Repeat every line of the material below exactly.

Top of Task inputs

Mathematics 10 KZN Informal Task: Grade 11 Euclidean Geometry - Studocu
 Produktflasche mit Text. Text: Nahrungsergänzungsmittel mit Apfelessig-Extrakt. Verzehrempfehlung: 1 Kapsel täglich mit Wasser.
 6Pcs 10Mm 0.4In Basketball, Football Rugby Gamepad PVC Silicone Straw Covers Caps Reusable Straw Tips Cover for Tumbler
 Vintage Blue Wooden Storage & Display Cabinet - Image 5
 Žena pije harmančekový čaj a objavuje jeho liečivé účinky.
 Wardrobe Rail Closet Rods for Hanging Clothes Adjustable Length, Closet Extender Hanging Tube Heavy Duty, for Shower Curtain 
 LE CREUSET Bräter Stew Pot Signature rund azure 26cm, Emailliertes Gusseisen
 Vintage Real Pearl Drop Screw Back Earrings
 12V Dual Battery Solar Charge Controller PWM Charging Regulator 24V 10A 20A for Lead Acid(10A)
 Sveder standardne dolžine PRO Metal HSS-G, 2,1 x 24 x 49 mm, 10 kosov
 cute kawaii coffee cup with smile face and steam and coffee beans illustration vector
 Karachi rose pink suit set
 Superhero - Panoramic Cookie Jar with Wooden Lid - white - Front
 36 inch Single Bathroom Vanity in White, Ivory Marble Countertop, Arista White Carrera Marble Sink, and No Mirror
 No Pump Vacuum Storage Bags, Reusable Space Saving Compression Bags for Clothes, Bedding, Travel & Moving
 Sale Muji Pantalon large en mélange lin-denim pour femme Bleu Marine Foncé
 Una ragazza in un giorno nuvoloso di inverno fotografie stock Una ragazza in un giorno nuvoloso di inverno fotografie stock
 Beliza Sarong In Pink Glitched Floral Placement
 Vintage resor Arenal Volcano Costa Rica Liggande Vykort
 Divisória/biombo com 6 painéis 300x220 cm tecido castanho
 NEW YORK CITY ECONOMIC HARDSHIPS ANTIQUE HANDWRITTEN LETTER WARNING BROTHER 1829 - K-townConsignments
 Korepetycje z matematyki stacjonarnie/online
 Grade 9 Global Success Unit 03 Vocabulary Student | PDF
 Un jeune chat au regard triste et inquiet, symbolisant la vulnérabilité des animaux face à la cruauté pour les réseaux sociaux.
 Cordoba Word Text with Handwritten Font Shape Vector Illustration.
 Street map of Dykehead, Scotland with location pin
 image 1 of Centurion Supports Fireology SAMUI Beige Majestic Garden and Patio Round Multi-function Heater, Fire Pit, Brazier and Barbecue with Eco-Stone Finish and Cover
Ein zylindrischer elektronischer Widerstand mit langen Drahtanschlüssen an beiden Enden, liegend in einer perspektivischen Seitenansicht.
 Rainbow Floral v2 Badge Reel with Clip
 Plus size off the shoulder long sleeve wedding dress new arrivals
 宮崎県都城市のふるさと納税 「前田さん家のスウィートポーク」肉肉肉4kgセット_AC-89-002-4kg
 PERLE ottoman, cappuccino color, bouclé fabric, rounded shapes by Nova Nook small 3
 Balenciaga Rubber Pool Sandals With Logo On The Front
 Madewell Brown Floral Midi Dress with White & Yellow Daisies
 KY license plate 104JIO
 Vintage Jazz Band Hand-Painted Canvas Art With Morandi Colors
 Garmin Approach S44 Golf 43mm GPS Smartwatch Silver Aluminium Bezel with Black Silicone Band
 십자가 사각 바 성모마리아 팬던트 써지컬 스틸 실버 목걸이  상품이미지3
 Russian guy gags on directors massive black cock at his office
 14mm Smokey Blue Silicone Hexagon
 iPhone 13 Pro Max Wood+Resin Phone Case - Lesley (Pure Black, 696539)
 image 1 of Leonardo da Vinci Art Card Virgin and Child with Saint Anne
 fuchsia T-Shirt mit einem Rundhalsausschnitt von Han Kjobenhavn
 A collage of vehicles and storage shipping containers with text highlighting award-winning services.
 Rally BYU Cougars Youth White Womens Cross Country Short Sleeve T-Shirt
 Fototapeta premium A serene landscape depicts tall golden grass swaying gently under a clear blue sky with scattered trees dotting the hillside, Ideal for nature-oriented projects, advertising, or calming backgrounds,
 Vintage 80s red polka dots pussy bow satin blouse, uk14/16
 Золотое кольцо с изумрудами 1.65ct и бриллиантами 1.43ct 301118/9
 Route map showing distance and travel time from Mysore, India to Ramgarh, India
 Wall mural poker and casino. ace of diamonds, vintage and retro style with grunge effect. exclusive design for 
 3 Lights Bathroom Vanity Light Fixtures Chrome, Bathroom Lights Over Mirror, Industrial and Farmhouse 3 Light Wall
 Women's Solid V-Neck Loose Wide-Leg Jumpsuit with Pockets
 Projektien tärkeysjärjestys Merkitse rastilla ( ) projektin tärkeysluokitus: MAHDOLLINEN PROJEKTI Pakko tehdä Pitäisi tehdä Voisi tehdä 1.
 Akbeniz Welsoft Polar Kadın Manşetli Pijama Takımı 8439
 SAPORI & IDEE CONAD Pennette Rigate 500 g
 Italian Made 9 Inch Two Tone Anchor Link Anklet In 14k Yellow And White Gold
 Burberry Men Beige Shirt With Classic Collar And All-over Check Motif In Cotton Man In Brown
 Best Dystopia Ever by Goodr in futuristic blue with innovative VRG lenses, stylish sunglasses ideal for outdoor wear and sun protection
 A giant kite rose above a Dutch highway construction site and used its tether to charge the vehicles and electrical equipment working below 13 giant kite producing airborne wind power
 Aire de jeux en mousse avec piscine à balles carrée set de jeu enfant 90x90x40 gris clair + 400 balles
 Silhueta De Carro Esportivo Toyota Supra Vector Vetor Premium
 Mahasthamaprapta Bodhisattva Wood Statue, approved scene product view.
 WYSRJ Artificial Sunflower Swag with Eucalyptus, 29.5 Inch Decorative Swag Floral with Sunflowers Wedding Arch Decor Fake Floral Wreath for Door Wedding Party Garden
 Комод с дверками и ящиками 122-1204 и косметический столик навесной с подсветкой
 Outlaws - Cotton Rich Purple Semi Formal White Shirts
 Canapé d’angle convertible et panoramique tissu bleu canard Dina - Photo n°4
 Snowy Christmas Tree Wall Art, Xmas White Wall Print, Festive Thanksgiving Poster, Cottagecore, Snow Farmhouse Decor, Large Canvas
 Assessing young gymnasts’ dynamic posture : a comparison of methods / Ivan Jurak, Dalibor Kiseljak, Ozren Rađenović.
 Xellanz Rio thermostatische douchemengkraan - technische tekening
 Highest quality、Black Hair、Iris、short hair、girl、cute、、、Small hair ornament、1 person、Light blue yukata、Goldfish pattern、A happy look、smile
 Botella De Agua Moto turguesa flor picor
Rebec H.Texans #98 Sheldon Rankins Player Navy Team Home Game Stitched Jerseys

Bottom of Task inputs

▸ Response:
Mathematics 10 KZN Informal Task: Grade 11 Euclidean Geometry - Studocu
 Produktflasche mit Text. Text: Nahrungsergänzungsmittel mit Apfelessig-Extrakt. Verzehrempfehlung: 1 Kapsel täglich mit Wasser.
 6Pcs 10Mm 0.4In Basketball, Football Rugby Gamepad PVC Silicone Straw Covers Caps Reusable Straw Tips Cover for Tumbler
 Vintage Blue Wooden Storage & Display Cabinet - Image 5
 Žena pije harmančekový čaj a objavuje jeho liečivé účinky.
 Wardrobe Rail Closet Rods for Hanging Clothes Adjustable Length, Closet Extender Hanging Tube Heavy Duty, for Shower Curtain 
 LE CREUSET Bräter Stew Pot Signature rund azure 26cm, Emailliertes Gusseisen
 Vintage Real Pearl Drop Screw Back Earrings
 12V Dual Battery Solar Charge Controller PWM Charging Regulator 24V 10A 20A for Lead Acid(10A)
 Sveder standardne dolžine PRO Metal HSS-G, 2,1 x 24 x 49 mm, 10 kosov
 cute kawaii coffee cup with smile face and steam and coffee beans illustration vector
 Karachi rose pink suit set
 Superhero - Panoramic Cookie Jar with Wooden Lid - white - Front
 36 inch Single Bathroom Vanity in White, Ivory Marble Countertop, Arista White Carrera Marble Sink, and No Mirror
 No Pump Vacuum Storage Bags, Reusable Space Saving Compression Bags for Clothes, Bedding, Travel & Moving
 Sale Muji Pantalon large en mélange lin-denim pour femme Bleu Marine Foncé
 Una ragazza in un giorno nuvoloso di inverno fotografie stock Una ragazza in un giorno nuvoloso di inverno fotografie stock
 Beliza Sarong In Pink Glitched Floral Placement
 Vintage resor Arenal Volcano Costa Rica Liggande Vykort
 Divisória/biombo com 6 painéis 300x220 cm tecido castanho
 NEW YORK CITY ECONOMIC HARDSHIPS ANTIQUE HANDWRITTEN LETTER WARNING BROTHER 1829 - K-townConsignments
 Korepetycje z matematyki stacjonarnie/online
 Grade 9 Global Success Unit 03 Vocabulary Student | PDF
 Un jeune chat au regard triste et inquiet, symbolisant la vulnérabilité des animaux face à la cruauté pour les réseaux sociaux.
 Cordoba Word Text with Handwritten Font Shape Vector Illustration.
 Street map of Dykehead, Scotland with location pin
 image 1 of Centurion Supports Fireology SAMUI Beige Majestic Garden and Patio Round Multi-function Heater, Fire Pit, Brazier and Barbecue with Eco-Stone Finish and Cover
Ein zylindrischer elektronischer Widerstand mit langen Drahtanschlüssen an beiden Enden, liegend in einer perspektivischen Seitenansicht.
 Rainbow Floral v2 Badge Reel with Clip
 Plus size off the shoulder long sleeve wedding dress new arrivals
 宮崎県都城市のふるさと納税 「前田さん家のスウィートポーク」肉肉肉4kgセット_AC-89-002-4kg
 PERLE ottoman, cappuccino color, bouclé fabric, rounded shapes by Nova Nook small 3
 Balenciaga Rubber Pool Sandals With Logo On The Front
 Madewell Brown Floral Midi Dress with White & Yellow Daisies
 KY license plate 104JIO
 Vintage Jazz Band Hand-Painted Canvas Art With Morandi Colors
 Garmin Approach S44 Golf 43mm GPS Smartwatch Silver Aluminium Bezel with Black Silicone Band
 십자가 사각 바 성모마리아 팬던트 써지컬 스틸 실버 목걸이  상품이미지3
 Russian guy gags on directors massive black cock at his office
 14mm Smokey Blue Silicone Hexagon
 iPhone 13 Pro Max Wood+Resin Phone Case - Lesley (Pure Black, 696539)
 image 1 of Leonardo da Vinci Art Card Virgin and Child with Saint Anne
 fuchsia T-Shirt mit einem Rundhalsausschnitt von Han Kjobenhavn
 A collage of vehicles and storage shipping containers with text highlighting award-winning services.
 Rally BYU Cougars Youth White Womens Cross Country Short Sleeve T-Shirt
 Fototapeta premium A serene landscape depicts tall golden grass swaying gently under a clear blue sky with scattered trees dotting the hillside, Ideal for nature-oriented projects, advertising, or calming backgrounds,
 Vintage 80s red polka dots pussy bow satin blouse, uk14/16
 Золотое кольцо с изумрудами 1.65ct и бриллиантами 1.43ct 301118/9
 Route map showing distance and travel time from Mysore, India to Ramgarh, India
 Wall mural poker and casino. ace of diamonds, vintage and retro style with grunge effect. exclusive design for 
 3 Lights Bathroom Vanity Light Fixtures Chrome, Bathroom Lights Over Mirror, Industrial and Farmhouse 3 Light Wall
 Women's Solid V-Neck Loose Wide-Leg Jumpsuit with Pockets
 Projektien tärkeysjärjestys Merkitse rastilla ( ) projektin tärkeysluokitus: MAHDOLLINEN PROJEKTI Pakko tehdä Pitäisi tehdä Voisi tehdä 1.
 Akbeniz Welsoft Polar Kadın Manşetli Pijama Takımı 8439
 SAPORI & IDEE CONAD Pennette Rigate 500 g
 Italian Made 9 Inch Two Tone Anchor Link Anklet In 14k Yellow And White Gold
 Burberry Men Beige Shirt With Classic Collar And All-over Check Motif In Cotton Man In Brown
 Best Dystopia Ever by Goodr in futuristic blue with innovative VRG lenses, stylish sunglasses ideal for outdoor wear and sun protection
 A giant kite rose above a Dutch highway construction site and used its tether to charge the vehicles and electrical equipment working below 13 giant kite producing airborne wind power
 Aire de jeux en mousse avec piscine à balles carrée set de jeu enfant 90x90x40 gris clair + 400 balles
 Silhueta De Carro Esportivo Toyota Supra Vector Vetor Premium
 Mahasthamaprapta Bodhisattva Wood Statue, approved scene product view.
 WYSRJ Artificial Sunflower Swag with Eucalyptus, 29.5 Inch Decorative Swag Floral with Sunflowers Wedding Arch Decor Fake Floral Wreath for Door Wedding Party Garden
 Комод с дверками и ящиками 122-1204 и косметический столик навесной с подсветкой
 Outlaws - Cotton Rich Purple Semi Formal White Shirts
 Canapé d’angle convertible et panoramique tissu bleu canard Dina - Photo n°4
 Snowy Christmas Tree Wall Art, Xmas White Wall Print, Festive Thanksgiving Poster, Cottagecore, Snow Farmhouse Decor, Large Canvas
 Assessing young gymnasts’ dynamic posture : a comparison of methods / Ivan Jurak, Dalibor Kiseljak, Ozren Rađenović.
 Xellanz Rio thermostatische douchemengkraan - technische tekening
 Highest quality、Black Hair、Iris、short hair、girl、cute、、、Small hair ornament、1 person、Light blue yukata、Goldfish pattern、A happy look、smile
 Botella De Agua Moto turguesa flor picor
Rebec H.Texans #98 Sheldon Rankins Player Navy Team Home Game Stitched Jerseys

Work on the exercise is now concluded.